Hi,
Inside the spectrum analyzer, there are several locations where averaging "stuff" can occur.
There's one location, near the end of the processing path, called the trace average on most spectrum analyzers. At that location, the trace average can be either:
* log-power, or
* power, or
* voltage mode averaging.
All three are indeed averaging methods. And they are likely to appear in the Bandwidth configuration menu. Consider them as children of the "trace average" function which is the parent.
Those children settings have zero effect on the trace when the parent (trace average) is off.
Keysight/Agilent/HP have a sort of unwritten convention, that many of their spectrum analyzers always display the child averaging type on the screen, regardless of whether the parent "trace averaging" is on or off. The child technically doesn't exist without the parent, but the child type is still displayed. This probably goes back decades, and people don't like changing conventions sometimes even if it doesn't make sense. Please note that I'm speculating, I wasn't around at the time, I've merely used a few SAs and have seen that child value displayed always, it's permanent.
On one of the screenshots in reply #3, the way you'd tell if that trace averaging was enabled, is to see if a number is present in that yellow text I believe (I don't have a Siglent SA). I've reproduced it in the attachment below. You can see the number 94 (yellow arrow in my attachment) and it has not quite reached 100 yet, which is the set value of the number of sweeps for averaging (red arrow). So, the averaging type (LogPwr) in the blue box on the left is valid.

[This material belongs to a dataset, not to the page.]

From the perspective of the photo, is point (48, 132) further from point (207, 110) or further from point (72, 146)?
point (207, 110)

If there was no number in yellow, then that means that the blue box item on the left has no effect. As mentioned, this is convention.
You can test on your spectrum analyzer that this is true, because if trace averaging is switched off, then regardless of that child setting, you'll see no difference on the trace (if you do, then that's a question for Siglent to justify! : ).
So, if you don't want averaging to apply at that location inside the spectrum analyzer, then you'd have to turn off trace averaging, and simply accept that the text is there unfortunately.